3.4.1 Overview of main structures and trends

In Italy, the early 2000s have seen a growing consciousness of the political and socio economic relevance of international cultural cooperation, along with a better understanding that the enhancement of the international image of Italy's rich and multi-layered culture would represent a valuable means of foreign policy and diplomacy.Such enhanced consciousness has been finally more strictly formalised with the signature, in July 2008, of a Memorandum of Agreement between the two ministries traditionally entrusted with the responsibility for international cultural cooperation: the Ministry for Foreign Affairs (MAE) – now the Ministry for Cultural Activities and International Cooperation (MAECI) - and the Ministry for the Heritage, Cultural Activities and Tourism (MiBACT). According to this Memorandum, the two ministries meet periodically at joint geographic and / or thematic working tables (art exhibitions, performing arts, libraries, book publishing, etc…are some of the themes) in order to establish common strategies for better promotion abroad of Italian culture, also by means of the MAE's network of Italian Consulates and Cultural Institutes.

That agreement aside, it should be noted that the strong boost in cultural activities abroad actually took place in an increasingly scattered institutional framework, due to the progressive fragmentation of responsibilities for international cultural cooperation within MAE itself over the past decades, when responsibilities for international cultural activities – until the 1980s strongly in the hands of the Director General for Cultural Promotion and Cooperation, although in agreement with MiBACT – have been partially redistributed among several DGs. As a matter of fact, because of two subsequent main reforms of MAE's organisation (see chapter 3.4.2), the institutional framework is constantly evolving.

Because of the plurality of institutional actors involved, no one, within the Italian state administration, has actually an organic and comprehensive view of the complex picture of the country's action as far as international cultural diplomacy is concerned.
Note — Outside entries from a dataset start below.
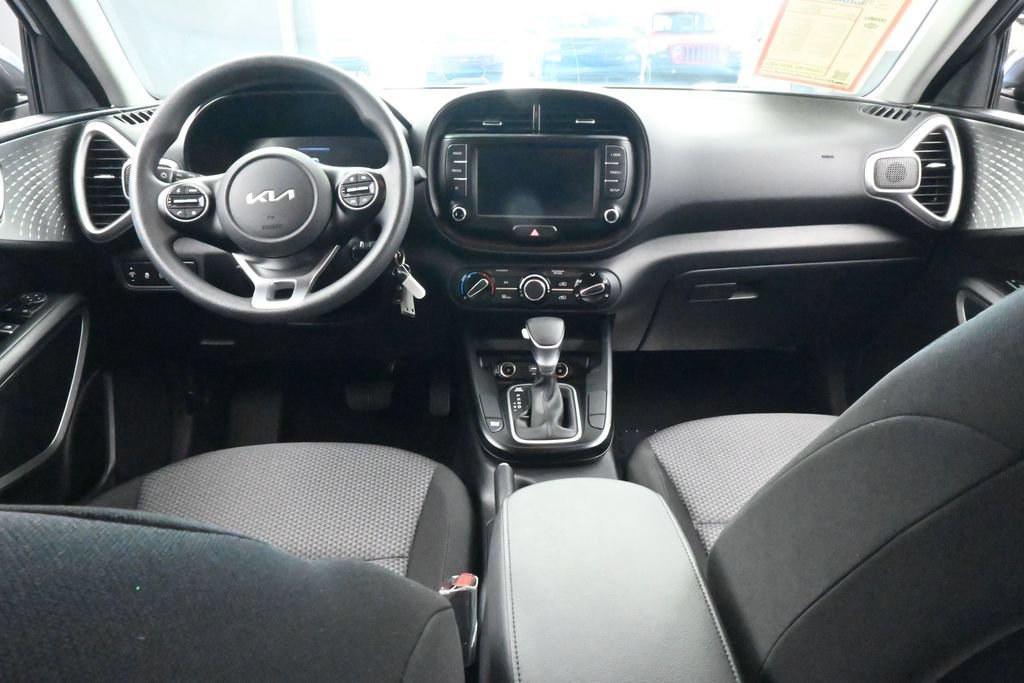 Used 2024 Kia Soul LX w/ Option Group 015 FWD image 34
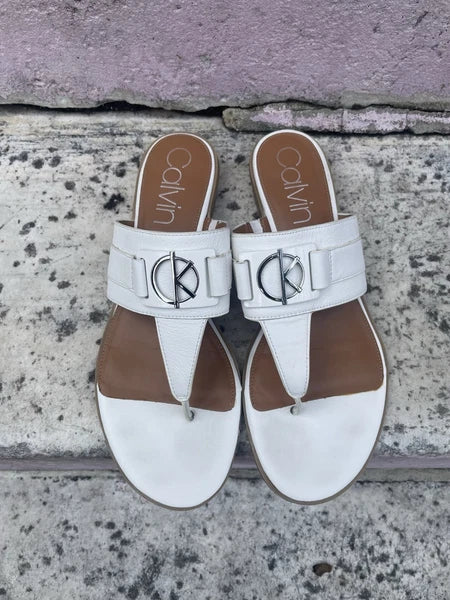 Calvin Klein Farley White/Silver Leather Sandals Women’s Size 11 – Chic Style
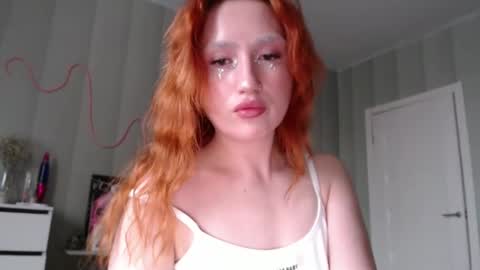 Snapshot of _katemiller_ chatting on 4, 3, 2025 katemiller online show from 4, 3, 2025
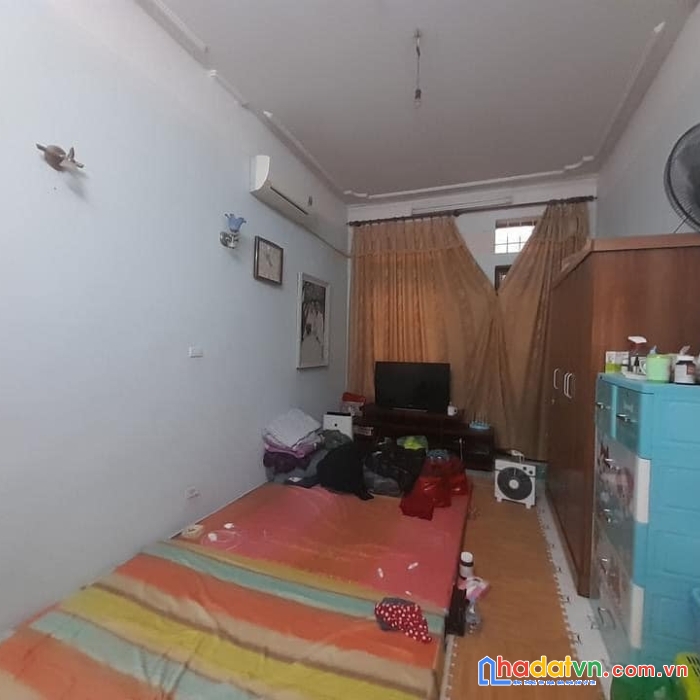 Vị trí đẹp - ngõ thông - kinh doanh -  ô tô nhỏ đỗ cửa - diện tích rộng - giá đầu tư 
bán nhà phố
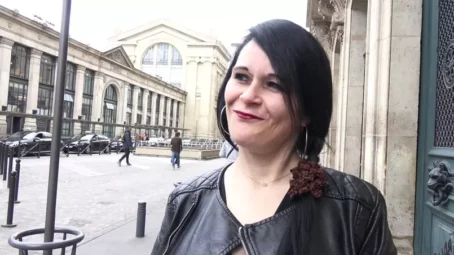 Julia - Masseuse a Orleans, Julia, 36ans, transpire le sexe (07.05.2019) [FullHD 1080p] (JacquieetMichelTV)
In fact, unlike in other countries (France, Sweden,…), no exhaustive monitoring or research report on all the various and multifaceted aspects of Italian cultural cooperation abroad has ever been carried out (although some sectorial reports dealing with aid to the developing countries for heritage protection, the promotion of the Italian language, etc., have seen the light).

The plurality of public actors described in the following chapter also explains why reliable information about the comprehensive government financing of international cultural cooperation is by no means available.